- _What to work on_
Everything in the entries below should be restated exactly, except for the pictures.

- _Data provided_
^^^^^^^^

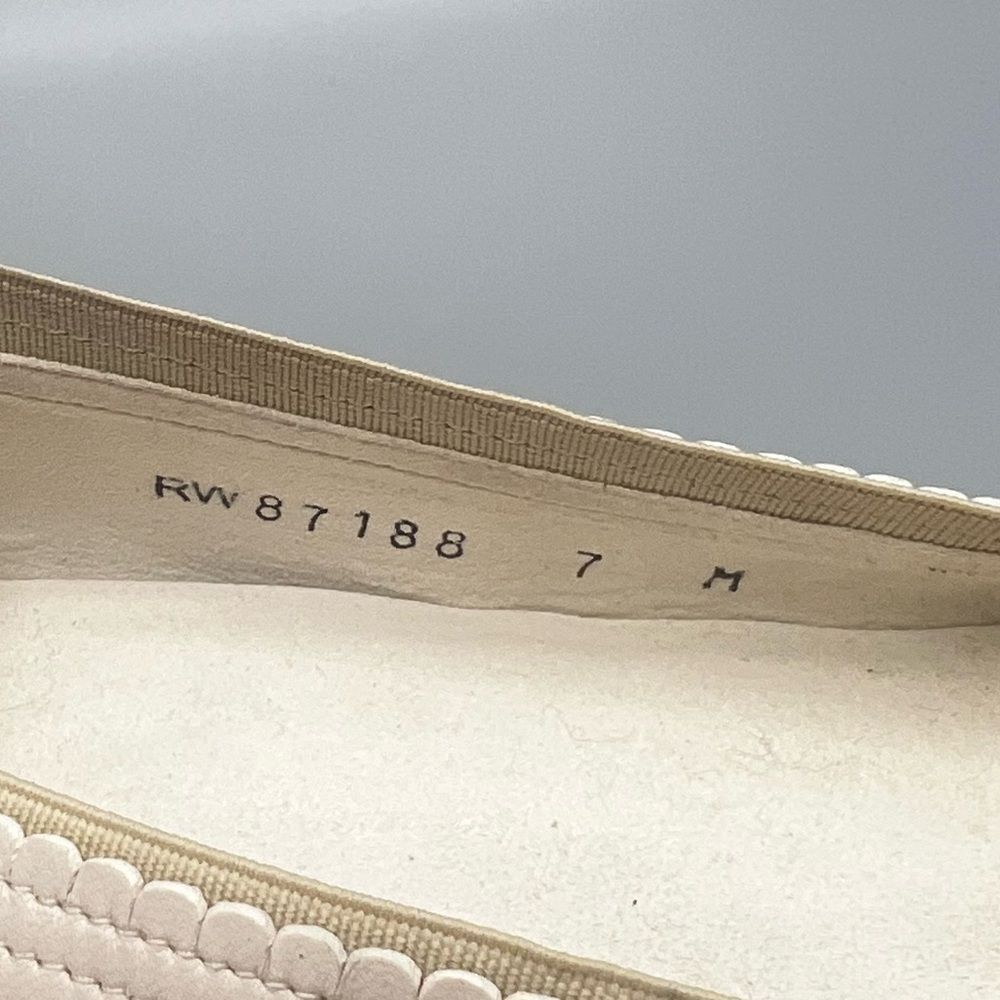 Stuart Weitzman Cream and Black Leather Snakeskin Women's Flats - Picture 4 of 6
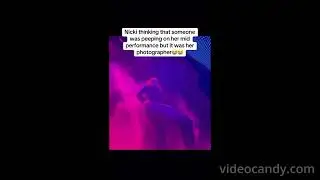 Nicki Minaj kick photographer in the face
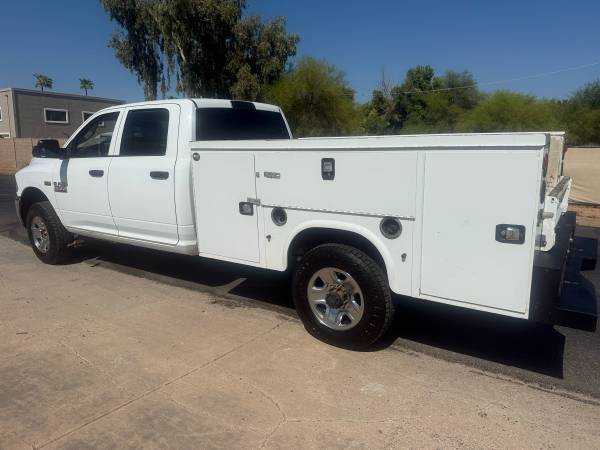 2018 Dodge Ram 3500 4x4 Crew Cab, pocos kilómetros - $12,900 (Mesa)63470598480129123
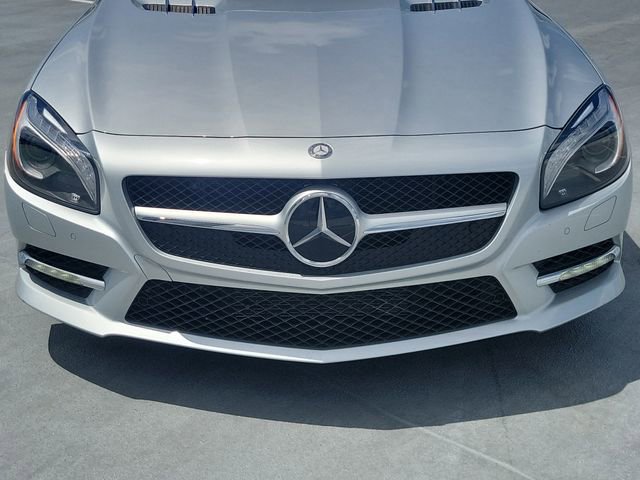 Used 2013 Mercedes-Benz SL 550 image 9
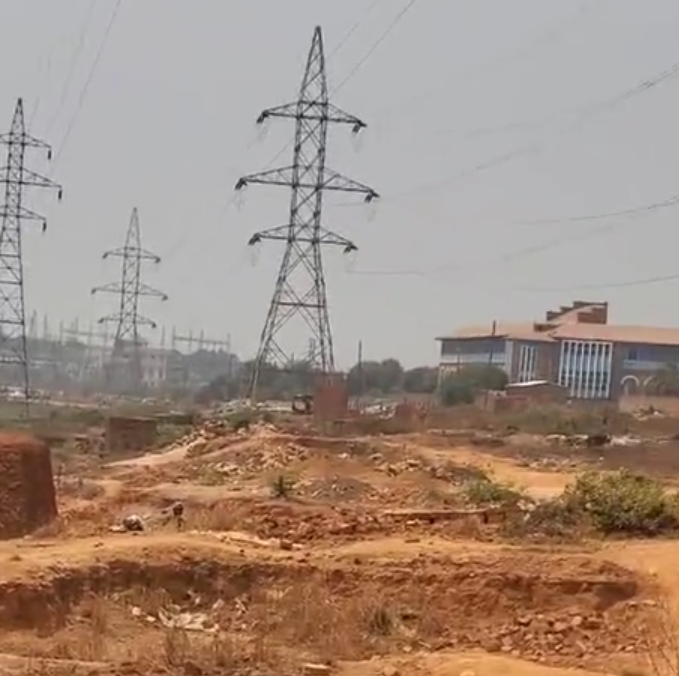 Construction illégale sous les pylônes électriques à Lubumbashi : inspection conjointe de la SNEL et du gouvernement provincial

^^^^^^^^

- _Response to this task_
 Stuart Weitzman Cream and Black Leather Snakeskin Women's Flats - Picture 4 of 6
 Nicki Minaj kick photographer in the face
 2018 Dodge Ram 3500 4x4 Crew Cab, pocos kilómetros - $12,900 (Mesa)63470598480129123
 Used 2013 Mercedes-Benz SL 550 image 9
 Construction illégale sous les pylônes électriques à Lubumbashi : inspection conjointe de la SNEL et du gouvernement provincial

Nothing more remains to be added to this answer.